(my) Marpa Best Practices
Marpa is a great, really great, piece of software that deserve to be used by everybody wanting to do serious (let's say frankly: professional) and innovative parsing. I feel that Perl language is very lucky to to have been choosen by its author, Jeffrey Kegler, as the main frontend. But seriously, this is the only module that is a true BNF parser. All others modules on CPAN that contain the BNF keyword are not. Marpa brings innovative and on-the-edge ways of thinking, writen by a person clearly brilliant in both progamming and language theory, and very responsive on the marpa-parser google group.

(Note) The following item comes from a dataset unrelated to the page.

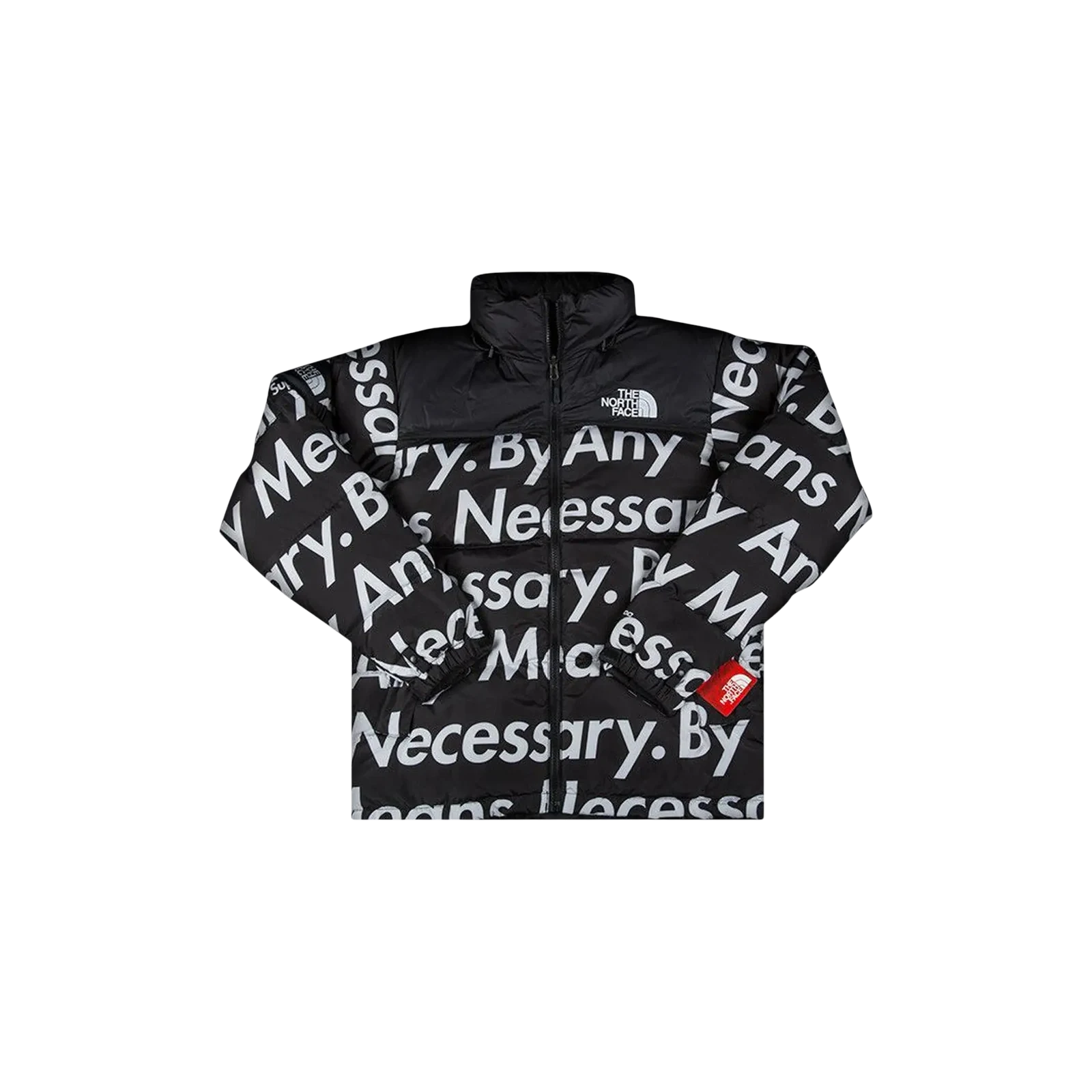 SUPREME X THE NORTH FACE BY ANY MEANS NUPTSE JACKET « BLACK »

My first module using Marpa was MarpaX::Languages::C::AST, and I should have blogued about it at that time. Instead Jeffrey did it, time for me to start blogging too on Marpa!
As in any progamming language, Marpa also has its syntax for writing gramars. Obviously this syntax is in BNF and can be viewed here.
Before doing other posts on ECMAScript, I'd like to remind very briefly the main Marpa features:
- A grammar is writen in BNF following Marpa's BNF syntax
- A grammar may have two main distinct embedded grammars: G1 and G0.
- G1 is like any other grammar, look to BNF grammars all over the world. G1 rules have "::=" as separator between the production LHS (Left Hand Side) and the RHSs (RIght Hand Side rules) other productions or terminals
- G0 can be used to define "lexemes". Lexemes is what Lex/Flex people would call the terminals.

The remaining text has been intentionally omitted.